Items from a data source
#####

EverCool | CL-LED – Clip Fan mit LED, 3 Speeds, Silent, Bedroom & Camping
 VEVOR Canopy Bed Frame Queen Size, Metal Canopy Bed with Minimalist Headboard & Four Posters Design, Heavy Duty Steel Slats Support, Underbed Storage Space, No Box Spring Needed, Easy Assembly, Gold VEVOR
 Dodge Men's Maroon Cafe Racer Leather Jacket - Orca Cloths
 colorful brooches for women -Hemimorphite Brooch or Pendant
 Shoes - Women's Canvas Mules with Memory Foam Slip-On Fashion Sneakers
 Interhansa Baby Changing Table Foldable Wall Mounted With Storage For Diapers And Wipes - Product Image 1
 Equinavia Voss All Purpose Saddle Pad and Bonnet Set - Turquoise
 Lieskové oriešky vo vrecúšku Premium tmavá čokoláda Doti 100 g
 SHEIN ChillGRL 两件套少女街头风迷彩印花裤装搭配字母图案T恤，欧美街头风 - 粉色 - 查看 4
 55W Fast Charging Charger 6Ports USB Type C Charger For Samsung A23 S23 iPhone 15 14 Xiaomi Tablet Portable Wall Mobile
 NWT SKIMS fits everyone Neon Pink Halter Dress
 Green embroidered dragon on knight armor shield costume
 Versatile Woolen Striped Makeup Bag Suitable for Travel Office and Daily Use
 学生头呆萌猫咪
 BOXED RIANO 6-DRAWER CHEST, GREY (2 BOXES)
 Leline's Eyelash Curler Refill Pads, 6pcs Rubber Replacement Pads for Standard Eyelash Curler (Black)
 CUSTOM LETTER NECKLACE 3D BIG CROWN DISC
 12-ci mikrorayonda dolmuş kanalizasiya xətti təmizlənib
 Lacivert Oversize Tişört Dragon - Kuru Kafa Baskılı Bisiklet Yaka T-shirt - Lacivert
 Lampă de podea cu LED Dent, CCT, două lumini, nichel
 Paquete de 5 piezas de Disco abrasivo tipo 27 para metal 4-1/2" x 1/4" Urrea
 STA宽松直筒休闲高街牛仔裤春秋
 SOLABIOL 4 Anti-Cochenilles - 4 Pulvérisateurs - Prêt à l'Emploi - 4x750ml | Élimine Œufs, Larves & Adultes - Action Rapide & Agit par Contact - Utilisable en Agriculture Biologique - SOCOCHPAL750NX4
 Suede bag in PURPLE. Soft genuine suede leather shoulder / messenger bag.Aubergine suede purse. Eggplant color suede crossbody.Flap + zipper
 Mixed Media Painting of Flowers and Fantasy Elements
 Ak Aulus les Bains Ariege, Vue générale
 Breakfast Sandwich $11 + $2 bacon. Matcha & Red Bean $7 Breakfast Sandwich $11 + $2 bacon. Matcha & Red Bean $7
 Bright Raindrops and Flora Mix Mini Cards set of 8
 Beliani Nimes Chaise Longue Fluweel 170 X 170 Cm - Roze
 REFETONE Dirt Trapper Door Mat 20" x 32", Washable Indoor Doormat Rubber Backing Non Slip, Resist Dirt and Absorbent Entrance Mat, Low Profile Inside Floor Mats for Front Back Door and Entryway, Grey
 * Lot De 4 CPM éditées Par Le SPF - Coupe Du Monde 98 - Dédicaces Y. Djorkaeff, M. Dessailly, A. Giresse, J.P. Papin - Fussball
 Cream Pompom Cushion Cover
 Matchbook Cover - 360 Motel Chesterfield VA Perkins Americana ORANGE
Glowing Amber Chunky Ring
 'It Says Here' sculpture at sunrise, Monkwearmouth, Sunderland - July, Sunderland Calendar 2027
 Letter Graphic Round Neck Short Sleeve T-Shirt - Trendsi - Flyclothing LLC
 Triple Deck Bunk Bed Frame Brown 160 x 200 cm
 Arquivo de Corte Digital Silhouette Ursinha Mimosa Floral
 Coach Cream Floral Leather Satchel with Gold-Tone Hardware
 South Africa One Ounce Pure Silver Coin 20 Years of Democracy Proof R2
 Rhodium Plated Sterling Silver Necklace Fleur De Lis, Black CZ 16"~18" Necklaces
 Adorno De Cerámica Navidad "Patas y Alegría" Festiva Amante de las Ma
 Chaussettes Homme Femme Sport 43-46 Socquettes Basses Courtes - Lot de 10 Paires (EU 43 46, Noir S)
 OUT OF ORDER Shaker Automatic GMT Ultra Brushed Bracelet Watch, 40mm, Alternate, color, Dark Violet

#####

* Problem details: Say how many lines in the records hold "Floral", with the number as the whole reply.

* Completed task: 2